LISTED ENTRIES -
:::::

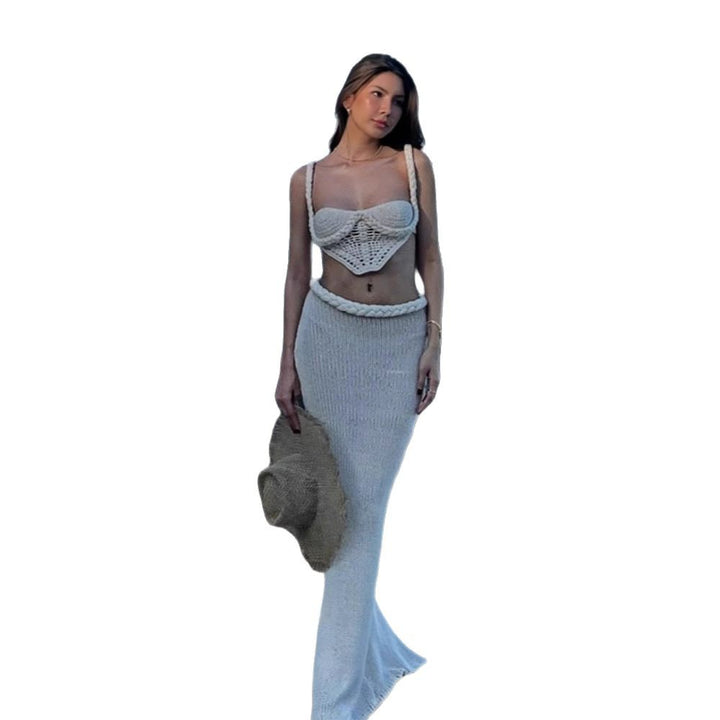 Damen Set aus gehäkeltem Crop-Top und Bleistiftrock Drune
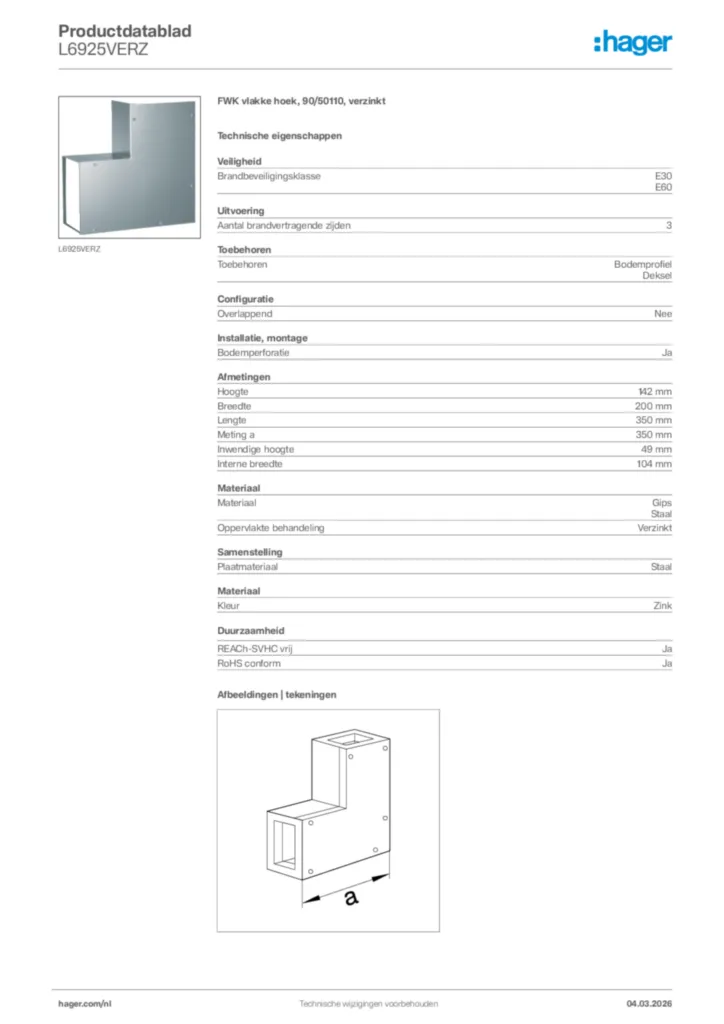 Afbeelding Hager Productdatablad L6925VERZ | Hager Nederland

:::::

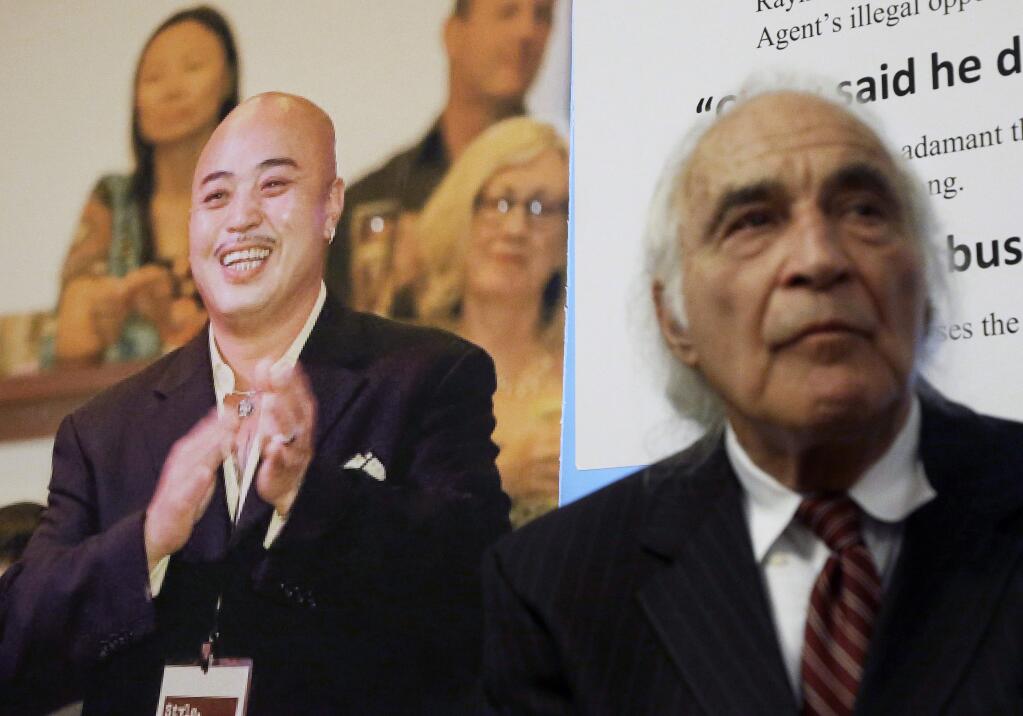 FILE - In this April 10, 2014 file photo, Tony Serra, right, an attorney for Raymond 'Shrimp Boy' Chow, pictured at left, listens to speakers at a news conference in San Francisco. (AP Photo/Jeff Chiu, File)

:::::

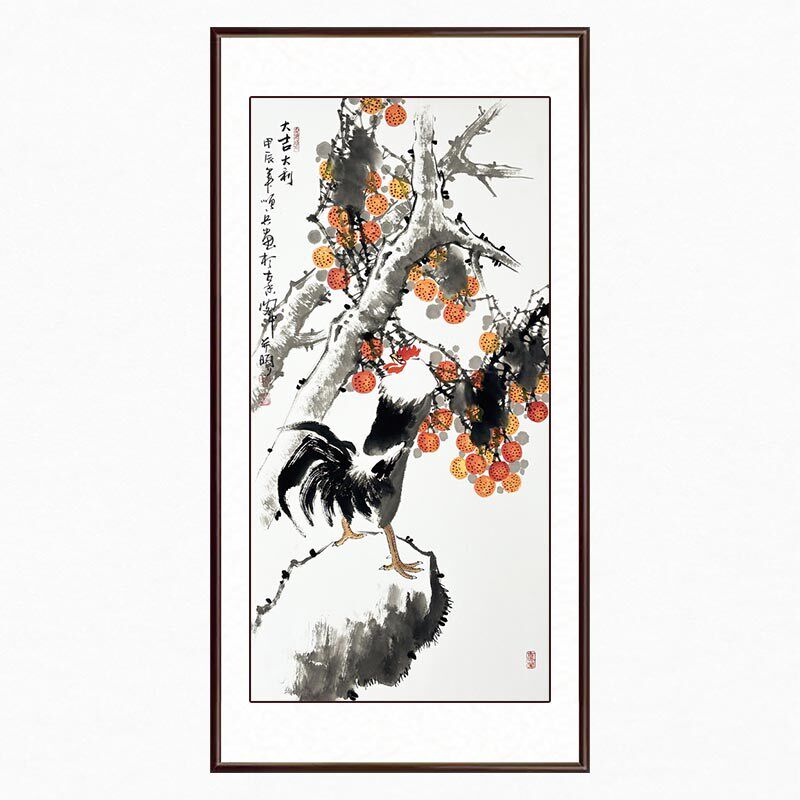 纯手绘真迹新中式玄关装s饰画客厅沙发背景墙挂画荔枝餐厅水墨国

:::::

REQUIREMENT - Given the listing above, retype only the span of lines from the line with "Damen Set aus" up to and including the line with "Afbeelding Hager Productdatablad", exactly as it stands and without pictures.

RESULT OF THIS TASK -
 Damen Set aus gehäkeltem Crop-Top und Bleistiftrock Drune
 Afbeelding Hager Productdatablad L6925VERZ | Hager Nederland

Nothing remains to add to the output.